Work item
Each line below is to be copied exactly as it appears.
■ ■ ■ ■ ■ ■ ■
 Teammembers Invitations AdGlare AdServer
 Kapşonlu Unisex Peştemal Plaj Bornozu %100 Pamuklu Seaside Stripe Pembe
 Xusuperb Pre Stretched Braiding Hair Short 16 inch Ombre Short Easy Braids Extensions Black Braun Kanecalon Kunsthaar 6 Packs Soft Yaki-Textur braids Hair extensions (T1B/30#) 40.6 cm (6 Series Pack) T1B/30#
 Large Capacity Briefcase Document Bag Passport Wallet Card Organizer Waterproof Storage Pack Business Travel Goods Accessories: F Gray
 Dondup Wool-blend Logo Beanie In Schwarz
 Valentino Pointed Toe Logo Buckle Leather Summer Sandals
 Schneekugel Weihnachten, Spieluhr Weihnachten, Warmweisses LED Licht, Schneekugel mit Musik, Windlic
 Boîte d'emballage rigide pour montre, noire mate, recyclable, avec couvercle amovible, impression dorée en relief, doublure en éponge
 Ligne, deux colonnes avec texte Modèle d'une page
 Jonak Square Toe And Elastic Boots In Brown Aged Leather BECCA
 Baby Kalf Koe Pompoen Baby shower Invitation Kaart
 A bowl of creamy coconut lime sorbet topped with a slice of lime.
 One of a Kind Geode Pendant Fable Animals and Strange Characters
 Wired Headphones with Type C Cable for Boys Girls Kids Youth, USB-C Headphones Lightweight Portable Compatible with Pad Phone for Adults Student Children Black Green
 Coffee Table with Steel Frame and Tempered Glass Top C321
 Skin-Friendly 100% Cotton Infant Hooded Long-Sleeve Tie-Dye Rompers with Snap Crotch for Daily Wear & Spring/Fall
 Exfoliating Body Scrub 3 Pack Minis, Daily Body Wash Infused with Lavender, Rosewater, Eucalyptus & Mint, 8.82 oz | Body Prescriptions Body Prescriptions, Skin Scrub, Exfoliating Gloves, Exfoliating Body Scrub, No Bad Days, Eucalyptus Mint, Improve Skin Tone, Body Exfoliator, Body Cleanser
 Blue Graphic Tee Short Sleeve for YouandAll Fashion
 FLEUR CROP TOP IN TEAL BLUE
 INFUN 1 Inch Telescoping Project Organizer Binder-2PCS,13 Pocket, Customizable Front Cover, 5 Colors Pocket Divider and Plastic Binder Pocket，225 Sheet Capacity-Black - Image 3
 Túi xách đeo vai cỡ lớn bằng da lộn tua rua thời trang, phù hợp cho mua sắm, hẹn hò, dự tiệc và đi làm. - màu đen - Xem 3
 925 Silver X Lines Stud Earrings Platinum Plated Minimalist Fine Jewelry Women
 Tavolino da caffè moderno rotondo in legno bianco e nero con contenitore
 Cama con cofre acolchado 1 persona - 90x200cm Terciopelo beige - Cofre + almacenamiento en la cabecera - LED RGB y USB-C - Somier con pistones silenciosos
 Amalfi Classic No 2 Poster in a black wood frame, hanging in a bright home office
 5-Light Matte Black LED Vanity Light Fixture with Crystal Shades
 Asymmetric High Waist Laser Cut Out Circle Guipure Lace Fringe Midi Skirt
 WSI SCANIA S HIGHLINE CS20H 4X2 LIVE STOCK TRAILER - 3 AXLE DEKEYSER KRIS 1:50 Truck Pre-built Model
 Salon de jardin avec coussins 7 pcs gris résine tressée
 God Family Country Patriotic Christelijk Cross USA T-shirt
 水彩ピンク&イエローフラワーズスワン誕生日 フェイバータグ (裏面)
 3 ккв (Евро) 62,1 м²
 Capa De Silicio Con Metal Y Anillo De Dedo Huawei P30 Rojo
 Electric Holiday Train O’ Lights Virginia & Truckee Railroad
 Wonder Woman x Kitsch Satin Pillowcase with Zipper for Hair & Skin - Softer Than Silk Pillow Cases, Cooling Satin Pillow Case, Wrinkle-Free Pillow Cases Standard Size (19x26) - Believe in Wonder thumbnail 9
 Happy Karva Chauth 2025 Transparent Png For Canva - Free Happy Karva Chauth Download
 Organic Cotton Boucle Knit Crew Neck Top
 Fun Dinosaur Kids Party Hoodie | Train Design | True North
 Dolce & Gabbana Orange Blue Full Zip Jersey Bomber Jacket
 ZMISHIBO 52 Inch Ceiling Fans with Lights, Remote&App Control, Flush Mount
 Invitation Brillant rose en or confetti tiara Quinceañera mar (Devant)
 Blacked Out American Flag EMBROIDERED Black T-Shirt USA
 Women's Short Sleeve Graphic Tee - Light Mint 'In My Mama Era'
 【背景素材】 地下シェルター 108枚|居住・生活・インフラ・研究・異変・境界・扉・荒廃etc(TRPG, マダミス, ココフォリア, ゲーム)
■ ■ ■ ■ ■ ■ ■
Response to the task
 Teammembers Invitations AdGlare AdServer
 Kapşonlu Unisex Peştemal Plaj Bornozu %100 Pamuklu Seaside Stripe Pembe
 Xusuperb Pre Stretched Braiding Hair Short 16 inch Ombre Short Easy Braids Extensions Black Braun Kanecalon Kunsthaar 6 Packs Soft Yaki-Textur braids Hair extensions (T1B/30#) 40.6 cm (6 Series Pack) T1B/30#
 Large Capacity Briefcase Document Bag Passport Wallet Card Organizer Waterproof Storage Pack Business Travel Goods Accessories: F Gray
 Dondup Wool-blend Logo Beanie In Schwarz
 Valentino Pointed Toe Logo Buckle Leather Summer Sandals
 Schneekugel Weihnachten, Spieluhr Weihnachten, Warmweisses LED Licht, Schneekugel mit Musik, Windlic
 Boîte d'emballage rigide pour montre, noire mate, recyclable, avec couvercle amovible, impression dorée en relief, doublure en éponge
 Ligne, deux colonnes avec texte Modèle d'une page
 Jonak Square Toe And Elastic Boots In Brown Aged Leather BECCA
 Baby Kalf Koe Pompoen Baby shower Invitation Kaart
 A bowl of creamy coconut lime sorbet topped with a slice of lime.
 One of a Kind Geode Pendant Fable Animals and Strange Characters
 Wired Headphones with Type C Cable for Boys Girls Kids Youth, USB-C Headphones Lightweight Portable Compatible with Pad Phone for Adults Student Children Black Green
 Coffee Table with Steel Frame and Tempered Glass Top C321
 Skin-Friendly 100% Cotton Infant Hooded Long-Sleeve Tie-Dye Rompers with Snap Crotch for Daily Wear & Spring/Fall
 Exfoliating Body Scrub 3 Pack Minis, Daily Body Wash Infused with Lavender, Rosewater, Eucalyptus & Mint, 8.82 oz | Body Prescriptions Body Prescriptions, Skin Scrub, Exfoliating Gloves, Exfoliating Body Scrub, No Bad Days, Eucalyptus Mint, Improve Skin Tone, Body Exfoliator, Body Cleanser
 Blue Graphic Tee Short Sleeve for YouandAll Fashion
 FLEUR CROP TOP IN TEAL BLUE
 INFUN 1 Inch Telescoping Project Organizer Binder-2PCS,13 Pocket, Customizable Front Cover, 5 Colors Pocket Divider and Plastic Binder Pocket，225 Sheet Capacity-Black - Image 3
 Túi xách đeo vai cỡ lớn bằng da lộn tua rua thời trang, phù hợp cho mua sắm, hẹn hò, dự tiệc và đi làm. - màu đen - Xem 3
 925 Silver X Lines Stud Earrings Platinum Plated Minimalist Fine Jewelry Women
 Tavolino da caffè moderno rotondo in legno bianco e nero con contenitore
 Cama con cofre acolchado 1 persona - 90x200cm Terciopelo beige - Cofre + almacenamiento en la cabecera - LED RGB y USB-C - Somier con pistones silenciosos
 Amalfi Classic No 2 Poster in a black wood frame, hanging in a bright home office
 5-Light Matte Black LED Vanity Light Fixture with Crystal Shades
 Asymmetric High Waist Laser Cut Out Circle Guipure Lace Fringe Midi Skirt
 WSI SCANIA S HIGHLINE CS20H 4X2 LIVE STOCK TRAILER - 3 AXLE DEKEYSER KRIS 1:50 Truck Pre-built Model
 Salon de jardin avec coussins 7 pcs gris résine tressée
 God Family Country Patriotic Christelijk Cross USA T-shirt
 水彩ピンク&イエローフラワーズスワン誕生日 フェイバータグ (裏面)
 3 ккв (Евро) 62,1 м²
 Capa De Silicio Con Metal Y Anillo De Dedo Huawei P30 Rojo
 Electric Holiday Train O’ Lights Virginia & Truckee Railroad
 Wonder Woman x Kitsch Satin Pillowcase with Zipper for Hair & Skin - Softer Than Silk Pillow Cases, Cooling Satin Pillow Case, Wrinkle-Free Pillow Cases Standard Size (19x26) - Believe in Wonder thumbnail 9
 Happy Karva Chauth 2025 Transparent Png For Canva - Free Happy Karva Chauth Download
 Organic Cotton Boucle Knit Crew Neck Top
 Fun Dinosaur Kids Party Hoodie | Train Design | True North
 Dolce & Gabbana Orange Blue Full Zip Jersey Bomber Jacket
 ZMISHIBO 52 Inch Ceiling Fans with Lights, Remote&App Control, Flush Mount
 Invitation Brillant rose en or confetti tiara Quinceañera mar (Devant)
 Blacked Out American Flag EMBROIDERED Black T-Shirt USA
 Women's Short Sleeve Graphic Tee - Light Mint 'In My Mama Era'
 【背景素材】 地下シェルター 108枚|居住・生活・インフラ・研究・異変・境界・扉・荒廃etc(TRPG, マダミス, ココフォリア, ゲーム)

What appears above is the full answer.